Tradisi megibung dimulai dari tahun 1614 Caka (atau 1692 Masehi), ketika salah satu Raja Karangasem, I Gusti Anglurah Ktut Karangasem, berperang menaklukkan kerajaan-kerajaan di Sasak (Lombok). Di kala para prajurit istirahat makan, beliau membuat aturan makan bersama yang disebut megibung. Hingga saat ini tradisi megibung masih dilaksanakan di Karangasem dan Lombok, dan menjadi kebanggaan masyarakat setempat. Kini, megibung sering digelar berkaitan dengan berbagai jenis upacara adat dan agama (Hindu), seperti upacara potong gigi, otonan anak, pernikahan, ngaben, pemelaspasan, piodalan di Pura.

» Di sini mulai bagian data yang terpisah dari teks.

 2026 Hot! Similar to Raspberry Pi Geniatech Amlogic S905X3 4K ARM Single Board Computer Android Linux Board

Megibung penuh dengan tata nilai dan aturan yang khas. Dalam megibung, nasi dalam jumlah banyak ditaruh di atas dulang (alas makan dari tanah liat atau kayu) yang telah dilapisi tamas (anyaman daun kelapa). Namun sekarang acara megibung jarang menggunakan dulang, diganti dengan nampan atau wadah lain yang dialasi daun pisang atau kertas nasi. Gundukan nasi dalam porsi besar ditaruh di atas nampan dan lauk pauk ditaruh dalam wadah khusus. Orang-orang yang makan duduk bersila secara teratur dan membentuk lingkaran.

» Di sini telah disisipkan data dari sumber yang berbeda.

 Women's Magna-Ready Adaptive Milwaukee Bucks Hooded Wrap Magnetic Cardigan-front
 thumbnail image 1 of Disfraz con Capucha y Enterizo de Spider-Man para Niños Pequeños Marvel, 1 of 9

Satu porsi nasi gibungan (nasi dan lauk pauk) yang dinikmati oleh satu kelompok disebut satu sela. Pada jaman dulu satu sela harus dinikmati oleh delapan orang. Kini satu sela bisa dinikmati oleh kurang dari delapan orang, seperti 4-7 orang. Ketika makan, masing-masing orang dalam satu sela harus mengikuti aturan-aturan tidak tertulis yang telah disepakati bersama.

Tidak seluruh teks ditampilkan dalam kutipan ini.